Toute ma scolarité, j’ai entendu des commentaires vexants. « Apprends à écrire ! » ; « T’écris mal ! » J’avais beau leur dire que ce n’était pas ma faute, les profs pensaient que je me foutais d’eux et que j’en n’avais rien à faire. J’évitais de parler de ça à mes parents. La seule qui m’a comprise c’est l’infirmière du collège. C’est elle qui m’a conseillé d’aller voir un ergothérapeute et c’est lui qui a mis un diagnostic sur mon trouble. Je savais que quelque chose clochait en moi. Que je ne le faisais pas exprès. Ça m’a soulagé. Dans ma famille, on a tous un trouble dys. Ma mère est dyslexique et mes sœurs aussi. Moi c’est la double peine : dyslexie et dysorthographie.

Pour décrocher son poste, Fatma a caché sa dyslexie. Aujourd’hui, elle a peur qu’on découvre sa maladie et que ça lui porte préjudice.

Capture d'écran de l'article : "Dyslexique, je le cache au travail". Il est illustré par une illustration graphique représentant une jeune fille, yeux fermés, tenant des post-it dans chaque main.
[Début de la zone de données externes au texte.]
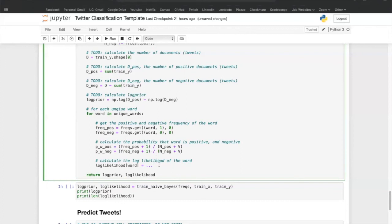Rather than having the probability of a word being in a positive tweet and the probability of it being in a negative tweet separately, we can divide these two numbers and log it. This gives us the log-likelihood of a word — if the value is greater than zero, the word is more likely to be in a positive tweet; if it is less than zero, it is more likely to be in a negative tweet. This function returns a dictionary with all unique words as keys and the log-likelihood value as the value.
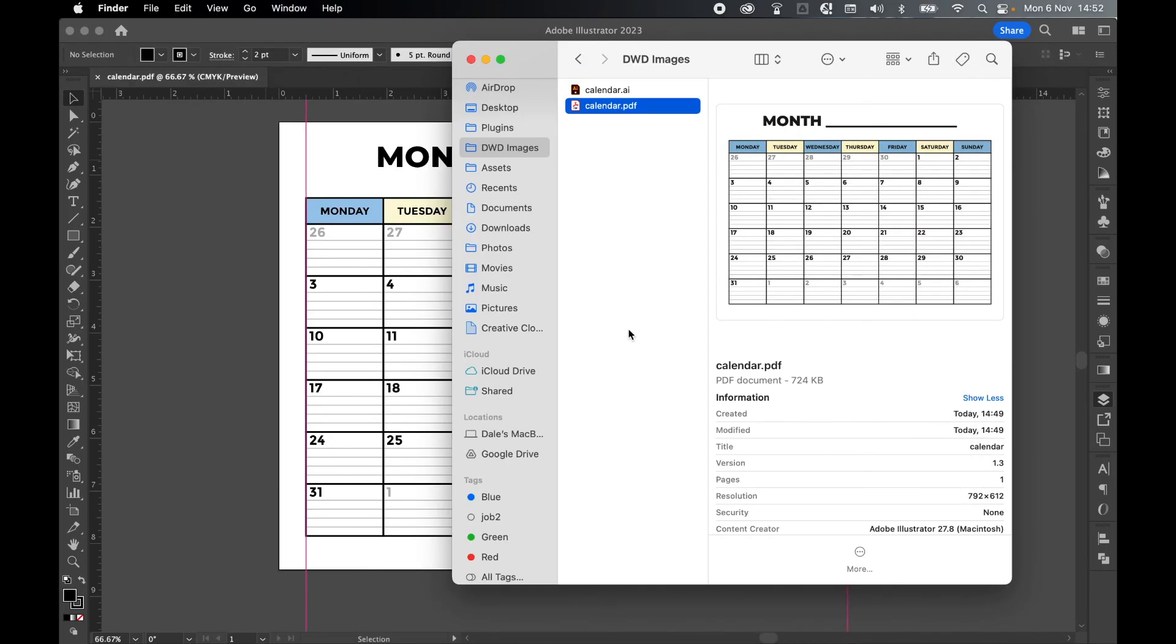And there you have it. That's how to create a blank calendar template in Illustrator and set it up in a way that it can be changed according to the month. So I really hope you found this tutorial helpful. And if you did, don't forget to like and subscribe. Thanks for watching. Keep on designing. And I will see you for the next tutorial.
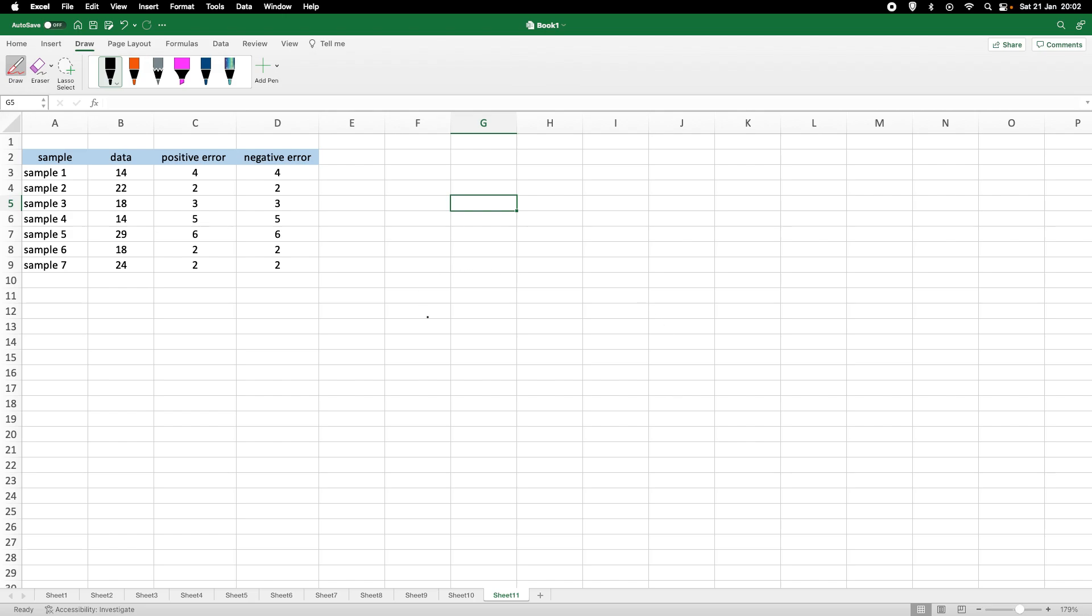In this tutorial, I want to quickly demonstrate how we can include error bars in an Excel graph.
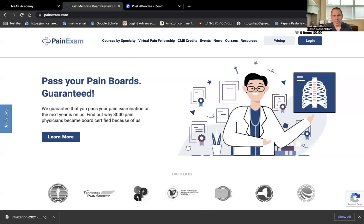Hi, and welcome back. I wanted to discuss board prep. We have the pain exam board review, which has been around since 2008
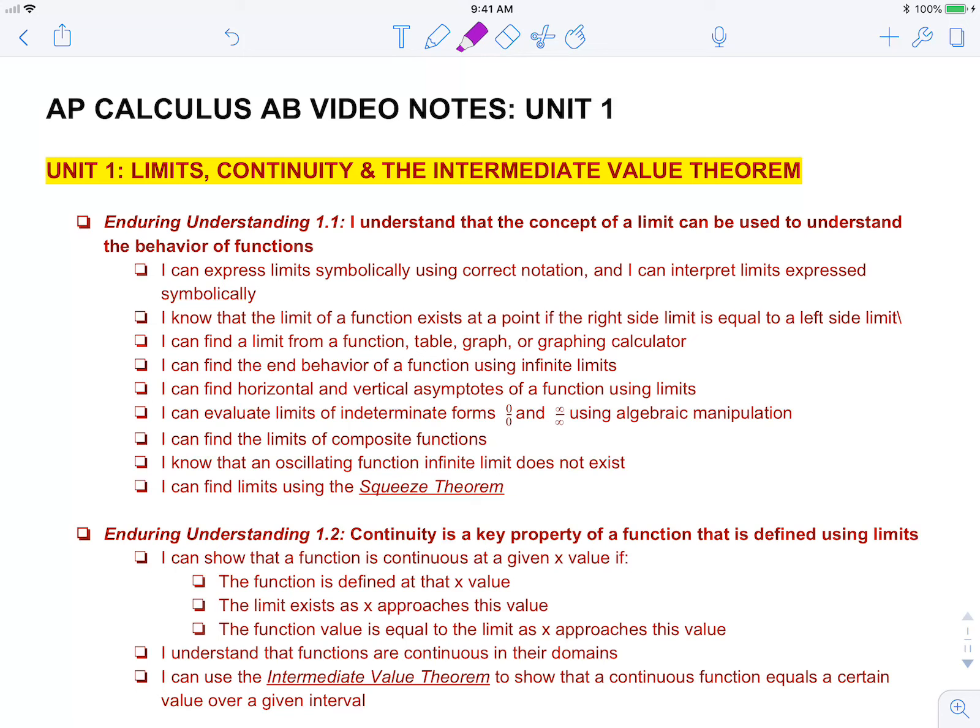Hey guys, welcome to your first set of video notes for unit 1 on limits, continuity, and the intermediate value theorem.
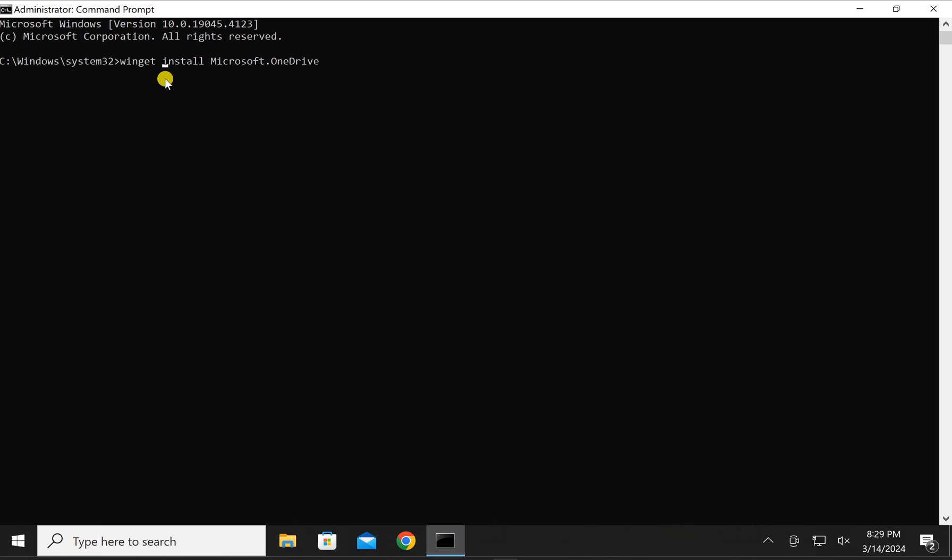If you want to uninstall OneDrive using command, just issue this command: winget space uninstall space Microsoft dot OneDrive. This command will uninstall Microsoft OneDrive. You just need to change the uninstall to install in case you want to install OneDrive on your Windows 10 PC. After typing this command, press Enter on the keyboard.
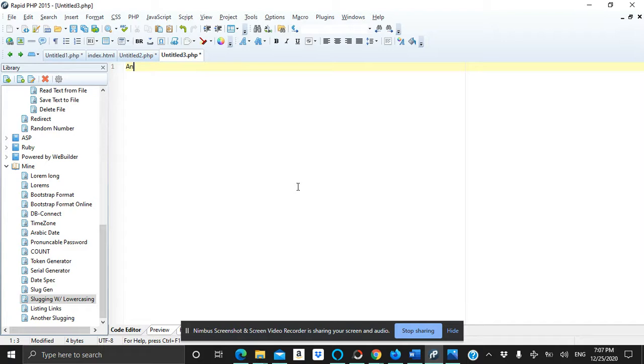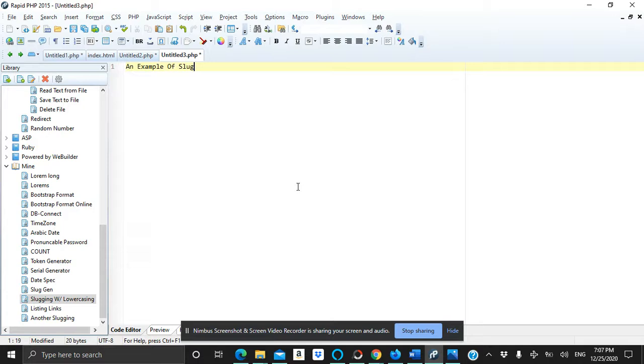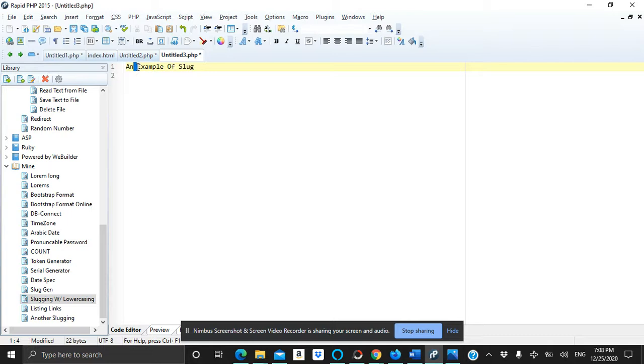An example of slug. We need to replace the capital letters with the lowercase letters, and we need to replace the space with dash like this and everywhere.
Dessus sont écrits des mots manuscrits. Symboliquement, elle les porte au niveau de son visage.

Pour suivre à l’école, le collège m’a proposé de m’équiper d’un PC spécial adapté à mon trouble, pour écrire plus vite. C’est un genre de PC portable, en un peu plus petit. Avec ma mère, on n’a pas fini de remplir les papiers pour l’avoir. Normalement, pour m’aider à apprendre, les profs sont censés m’imprimer les cours. Mais ils ne le font pas, alors j’essaie d’autres méthodes. Je relis les cours dans les livres avec une règle. Le pire c’est les cours d’anglais. Là, je ne comprends vraiment rien, mais bon, ce n’est pas très utile pour mon futur métier !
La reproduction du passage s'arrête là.